Important thing to remember: World Water Week kicks off with a big event for the entire community, not just the school – an author, a congressmember, a tribal leader. (More on them in a moment.) Along the bridge this afternoon, on what was an official day off for the school district, young volunteers dressed the sculptures with permission from the West Seattle Chamber of Commerce, which is the official permission-granter for that privilege, conferred only on good causes. And earlier, they had an even more-monumental task:

They spent the morning filling water bottles for the Walk for Water next Friday; it will dramatize what millions of people around the world have to go through to get something resembling clean, safe water to their homes and families.

But first, the stage is set for next Monday, and there’s one thing they can’t do without you – fill the Sealth auditorium Monday night for author Robert Glennon‘s 7 pm presentation on “America’s Water Crisis and What to Do About It,” also featuring appearances by Congressmember Jay Inslee and Duwamish Tribe chair Cecile Hansen. There’s a resource fair at 6:15 pm that’ll overflow with information (plus live music and refreshments0, followed by the talk at 7 pm. Here’s the official flyer for the entire evening (all free!).

Earlier Monday, you can get a preview by listening to KUOW (94.9 FM, or you can listen live online at kuow.org), when Glennon will be interviewed along with Molly Freed, the student leader of the World Water Week project at Sealth (working with social-studies teacher Noah Zeichner, following up on their Aspen Ideas Festival trip last year) – she too was filling water jugs today:

Participants in the Walk for Water will carry the jugs – 1 to 5 gallons, for up to 5 kilometers.

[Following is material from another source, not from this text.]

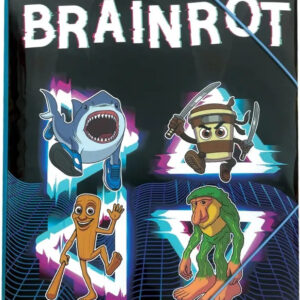 Brainrot Dark A4 mapp med resår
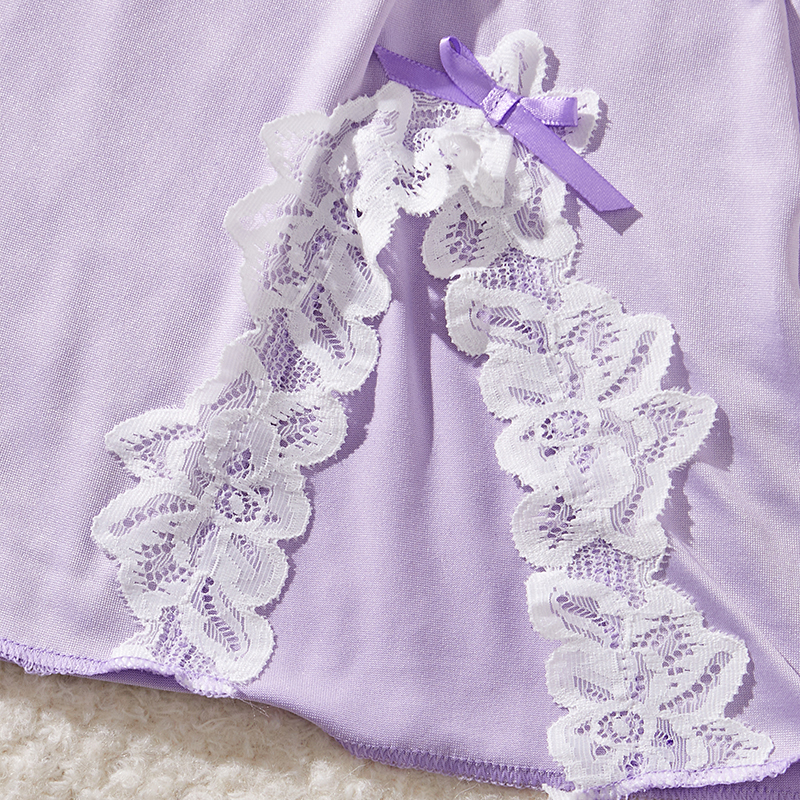 Light Purple Deep V Women Nigh - Summer Light Clothing reseña y precio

More details on that next week – but first, mark your calendar for Monday night, to share the new knowledge that’ll be brought to the community as a school expands its education efforts beyond those who attend each day.

1 Reply to "Day off from school? Not for Sealth's World Water Week team"

  • BigRed March 18, 2011 (10:23 pm)

    Way to go Chief Sealth International!!!! Clean water around the world should be a basic human right! I am the staff leader of a fund raising event in April called “Earth Month” at my work. We also try to raise awareness of water issues around the world and in our own backyard. We raise money for a local non-profit Puget Sound Keepers. They clean-up and patrol the waters off our beaches for pollution and for violators. It is a fantastic organization!

    I have been lucky enough to visit villages in both Uganda and India in the last two years to see what impact we have here in donating to these causes. It is amazing what a few dollars will do.

    Great Job! I love to see young people being interested in global issues. Good luck to you all!